[Stored records]
··········
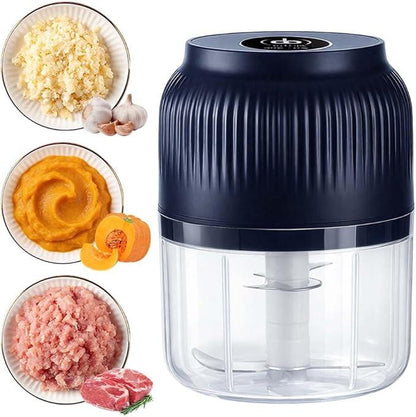 Electric Food Shredder, Mini Meat Grinder, Garlic Puree Maker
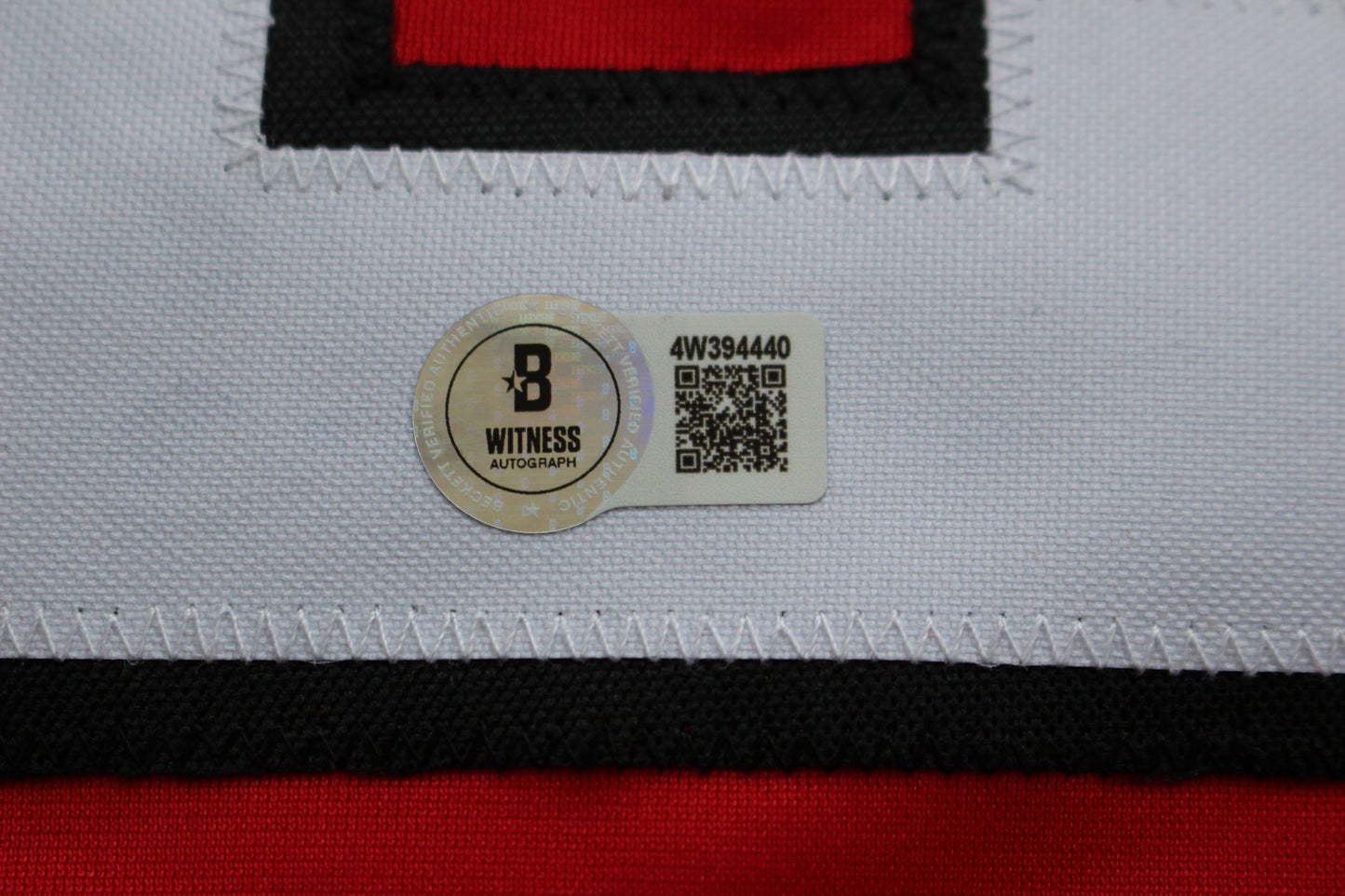 JACE JUNG TEXAS TECH RED RAIDERS SIGNED JERSEY Tigers BAS COA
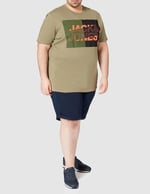 JACK & JONES Erkek Chino Şort Büyük Beden Regular Fit Chino Şort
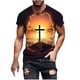 thumbnail image 2 of Tops para hombre, blusas y camisas de manga corta con cuello redondo para hombre, jersey informal con cuello redondo estampado para hombre, pantalones cortos deportivos para fitness, blusa de poliéste, 2 of 5
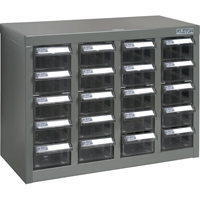 KLETON CF312 KPC-600 Parts Cabinet, Steel, 20 Drawers, 18-1/3" x 8-2/3" x 13-3/4", Grey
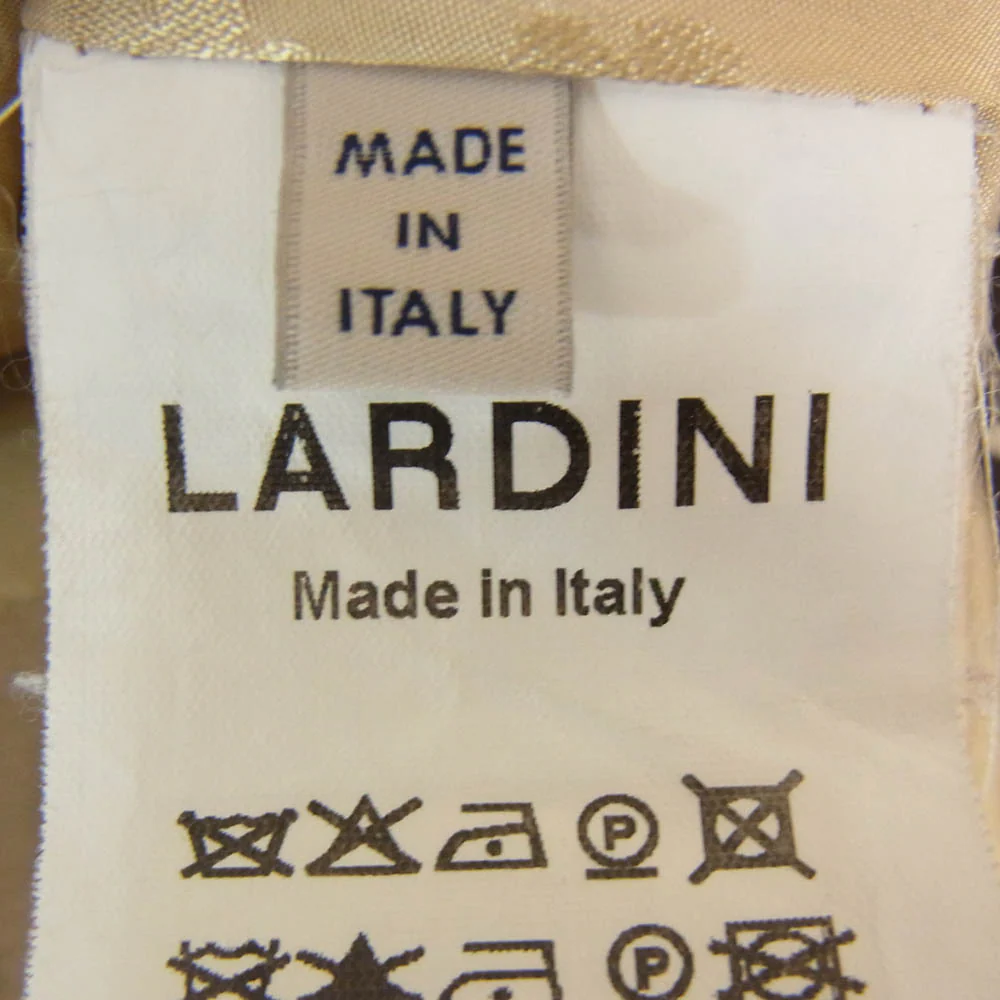 LARDINI ラルディーニ ブートニエール ダブルブレスト ピークドラペル テーラード ジャケット ベージュ系 40【中古】 - Image 6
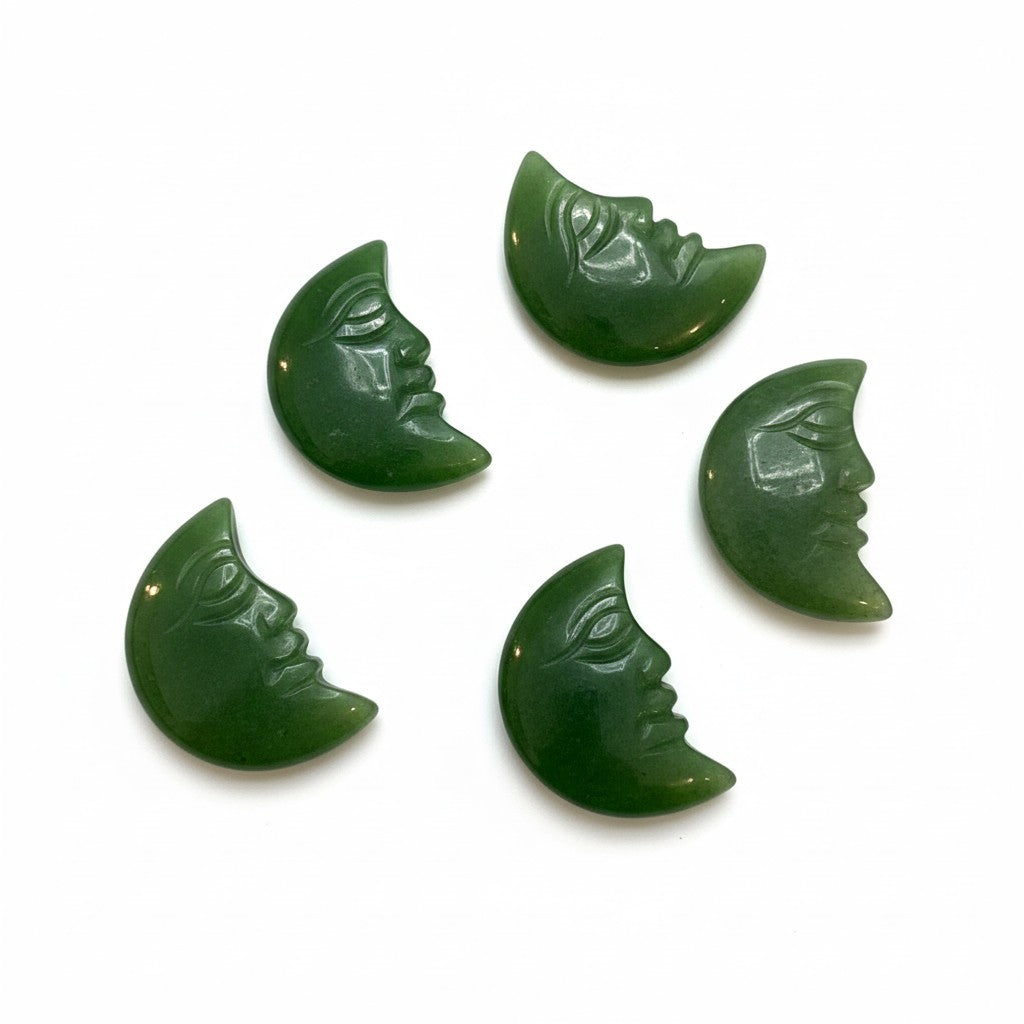 Small Green Aventurine Moon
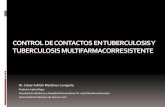 Control de contactos en tuberculosis y tuberculosis multifarmacorresistente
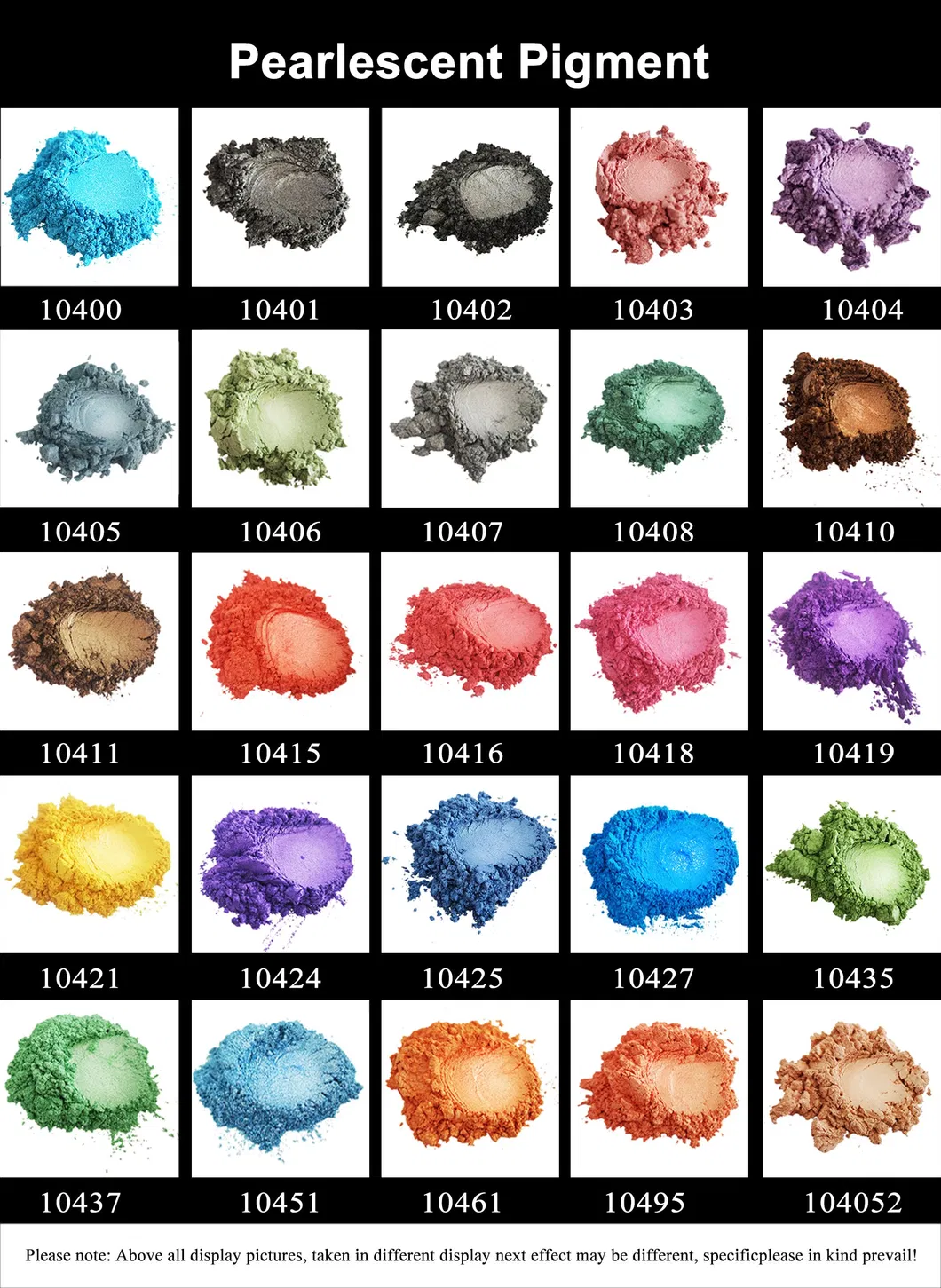 Ocrown Resin Art Metallic Epoxy Pigment Powder for Floor Coating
··········
* **TASK BRIEF**:
A clean copy is needed of the lines above from the one with "KLETON CF312 KPC-600" up to and including the one with "Control de contactos". Please set it down exactly, with no pictures.

* **RESULT OF THE TASK**:
 KLETON CF312 KPC-600 Parts Cabinet, Steel, 20 Drawers, 18-1/3" x 8-2/3" x 13-3/4", Grey
 LARDINI ラルディーニ ブートニエール ダブルブレスト ピークドラペル テーラード ジャケット ベージュ系 40【中古】 - Image 6
 Small Green Aventurine Moon
 Control de contactos en tuberculosis y tuberculosis multifarmacorresistente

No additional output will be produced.